The DDS Agent is a core component of the DDS (Dynamic Distributed System) framework responsible for managing user tasks on worker nodes. It provides task execution, shared memory communication, and intercom services for distributed computing environments.
- Overview
- Architecture
- Shared Memory Transport
- User Task Handling
- Process Lifecycle
- Configuration
- Error Handling
The DDS Agent acts as a worker node daemon that:
- Connects to the DDS Commander for task coordination
- Manages multiple task execution slots
- Provides shared memory-based inter-process communication
- Handles task lifecycle (assignment, activation, monitoring, termination)
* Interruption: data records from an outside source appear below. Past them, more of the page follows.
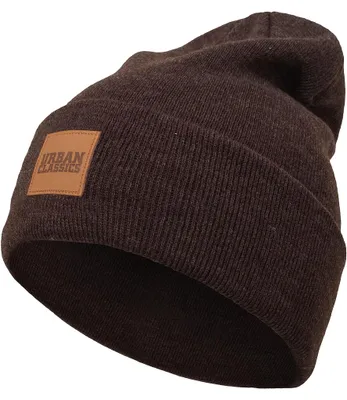 Immagine prodotto di Urban Classics Leatherpatch Long Beanie Mütze Oldschool Retro, Farbe: Marrone erica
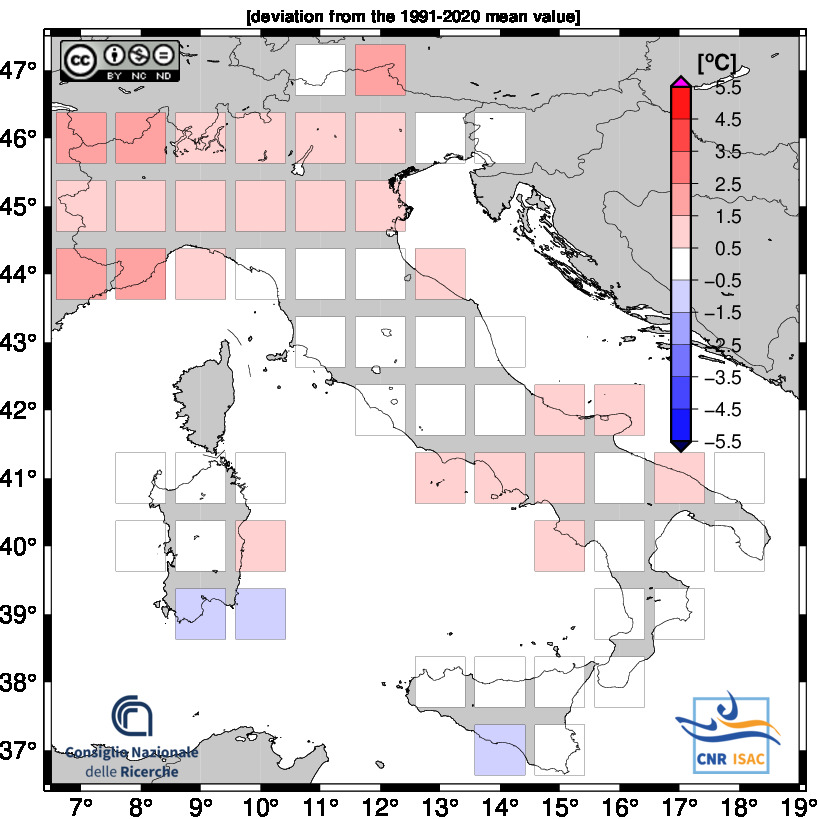 anomalie termiche italia dicembre 2024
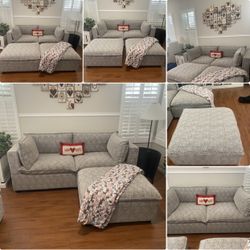 Modular Gray Fabric Sofa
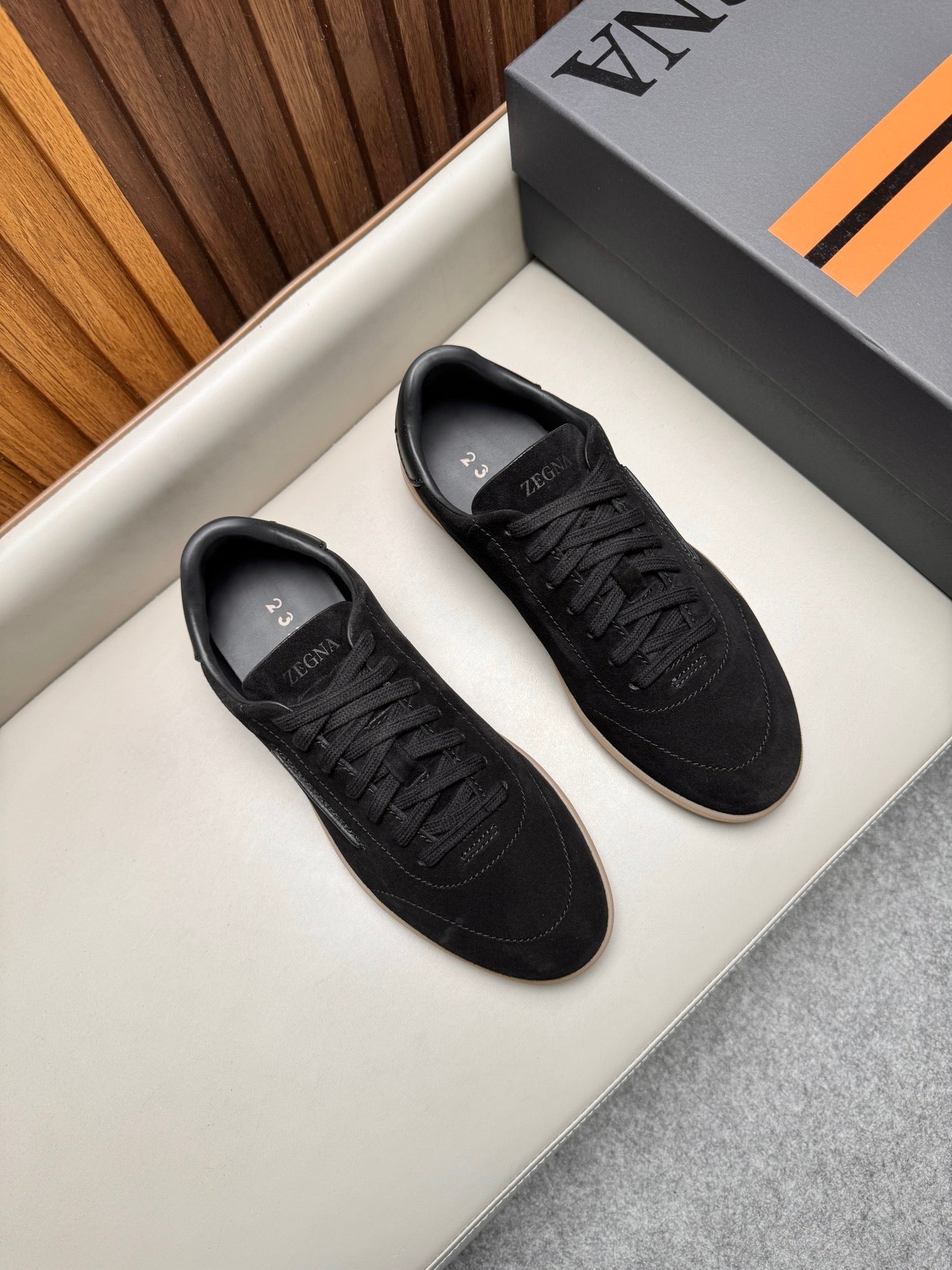 Zegna Men's 232 Low-Top Sneakers Black Suede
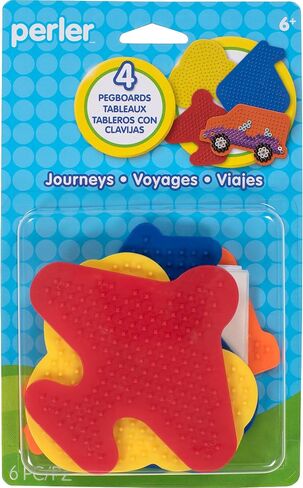 Perler 22645 Fuse Bead Pegboards 7-Pack-Boy/Girl/Bear/Monkey/Butterfly/2 Flowers in Kuwait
- Forwards messages between user tasks and the DDS network
- AgentConnectionManager: Main service coordinator and network management
- CommanderChannel: TCP connection to DDS Commander for control messages
- SMIntercomChannel: Shared memory channel for user task communication
- Slot Management: Isolated execution environments for user tasks
graph TB
subgraph "DDS Agent Process"
ACM[AgentConnectionManager]
CC[CommanderChannel]
SMC[SMIntercomChannel]
subgraph "Thread Pools"
MT[Main Threads]
IT[Intercom Threads]
end
subgraph "Slot Management"
S1[Slot 1]
S2[Slot 2]
SN[Slot N]
end
end
subgraph "External Components"
CMD[DDS Commander]
UT1[User Task 1]
UT2[User Task 2]
UTN[User Task N]
end
subgraph "Shared Memory"
IQ[Input Queues]
OQ[Output Queues]
end
CMD <==> CC
CC --> ACM
ACM --> SMC
SMC <==> IQ
SMC <==> OQ
IQ <==> UT1
IQ <==> UT2
IQ <==> UTN
OQ <==> UT1
OQ <==> UT2
OQ <==> UTN
S1 -.-> UT1
S2 -.-> UT2
SN -.-> UTN
ACM --> MT
ACM --> IT
The agent uses a multi-threaded architecture:
- Main Threads (4 threads): Handle network I/O and commander communication
- Intercom Threads (6 + NumLeaderFW): Process shared memory messages and user task communication
- Signal Handler: Manages graceful shutdown on SIGINT/SIGTERM/SIGQUIT
The DDS Agent implements a sophisticated shared memory transport system for high-performance inter-process communication.
graph LR
subgraph "Agent Process"
Agent[DDS Agent]
SMC[SMIntercomChannel]
end
subgraph "Shared Memory Queues"
subgraph "Input Queues"
IQ1[Leader Input Queue 1]
IQ2[Leader Input Queue 2]
IQN[Leader Input Queue N]
end
subgraph "Output Queues"
OQ1[Leader Output Queue Slot1]
OQ2[Leader Output Queue Slot2]
OQN[Leader Output Queue SlotN]
end
end
subgraph "User Tasks"
UT1[User Task Slot 1]
UT2[User Task Slot 2]
UTN[User Task Slot N]
end
Agent --> SMC
SMC <==> IQ1
SMC <==> IQ2
SMC <==> IQN
SMC <==> OQ1
SMC <==> OQ2
SMC <==> OQN
UT1 <==> IQ1
UT1 <==> OQ1
UT2 <==> IQ2
UT2 <==> OQ2
UTN <==> IQN
UTN <==> OQN
The shared memory system uses boost::interprocess::message_queue with the following characteristics:
Queue Types:
- Input Queues: Multiple queues for receiving messages from user tasks
- Output Queues: Per-slot queues for sending messages to specific user tasks
- Message Routing: Agent forwards messages between network and shared memory
Queue Naming Convention:
// Input queues (from user tasks to agent)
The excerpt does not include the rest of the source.